Use of Existing Intellectual Property in the Territory. Subject to the terms and conditions in this Agreement and the Den-Mat Agreement, Remedent hereby grants to GlamSmile a perpetual, irrevocable, exclusive (except as to Den-Mat), royalty free, sublicensible, transferable right and license to use, make, develop, produce, manufacture, modify, market, sell, distribute, practice, commercialize, exploit, or import within the Territory the Intellectual Property owned or used by Remedent that is embedded in the GlamSmile Veneer Products as it exists on the Effective Date and the exclusive right to use the trademark “GlamSmile” (exclusive even as to Den-Mat and Remedent) within the Territory subject to the terms under Sections 3.5 and 3.6. Notwithstanding the foregoing, (a) Remedent retains the right to use and license to any Person performing contract manufacturing for Remedent such Intellectual Property solely in connection with the manufacture of the GlamSmile Veneer Products and for internal product development related to the GlamSmile Veneer Products, (b) this grant shall not include any rights to the name or trademark ‘Remedent’, and (c) GlamSmile and Remedent agree that GlamSmile ’s right and license to use the Intellectual Property within the Territory shall be non-exclusive to Den-Mat’s pre-existing rights under the Den-Mat Agreement subject to Section 3.7 herein, except for the right to use the trademark “GlamSmile” which shall be exclusive.

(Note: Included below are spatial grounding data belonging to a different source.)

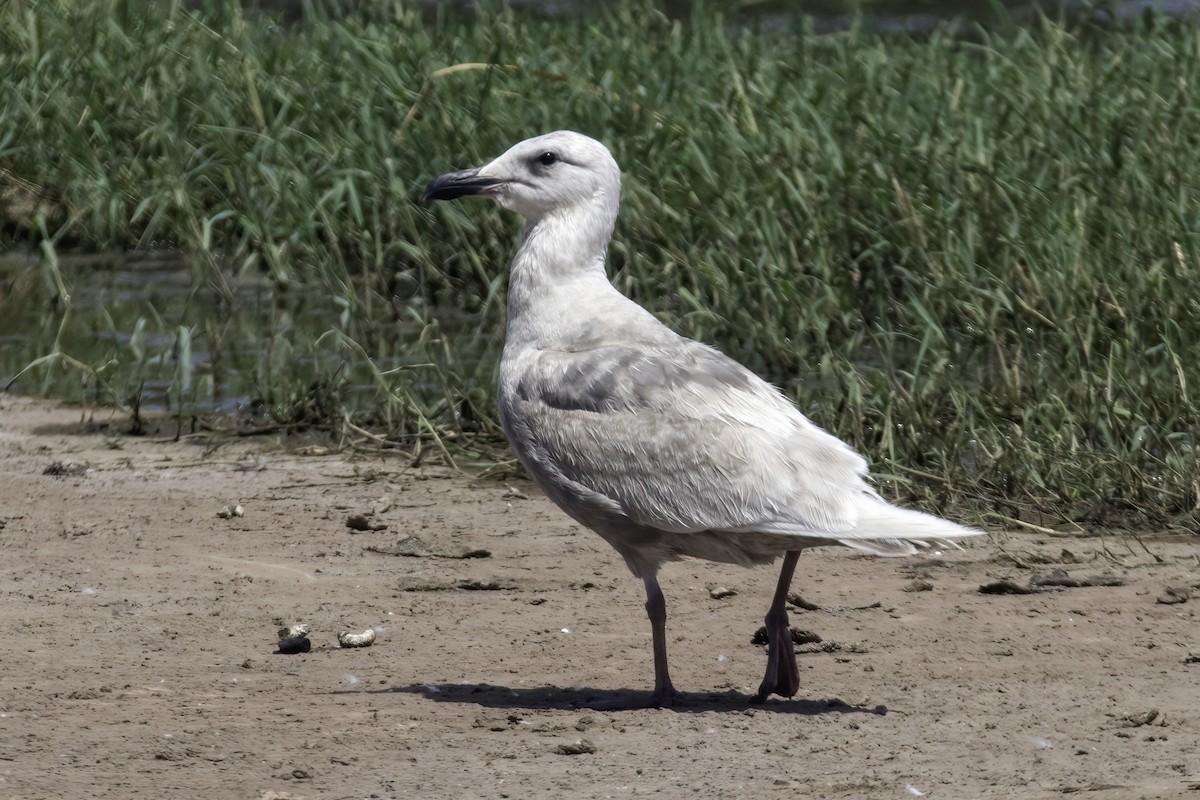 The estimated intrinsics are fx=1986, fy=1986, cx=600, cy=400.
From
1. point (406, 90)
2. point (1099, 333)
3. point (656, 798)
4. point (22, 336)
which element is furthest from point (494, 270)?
point (656, 798)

For purposes of clarity, GlamSmile shall not use the name or trademark ‘Remedent’ without the prior written consent of Remedent, and GlamSmile shall not use the name or trademark ‘GlamSmile’ outside the Territory without the prior written consent of Remedent. Notwithstanding anything to the contrary in this Agreement, neither GlamSmile nor any sub-distributor nor any Affiliate, permitted successor or assignee of any of the foregoing, shall, directly or indirectly, make any reference or comparison in its marketing materials or in any advertising or sales efforts to any Den-Mat product or trademark including, but not limited to, LumiSmile, Lumineers, Luminate, or Lumitray, without the prior written consent of Remedent.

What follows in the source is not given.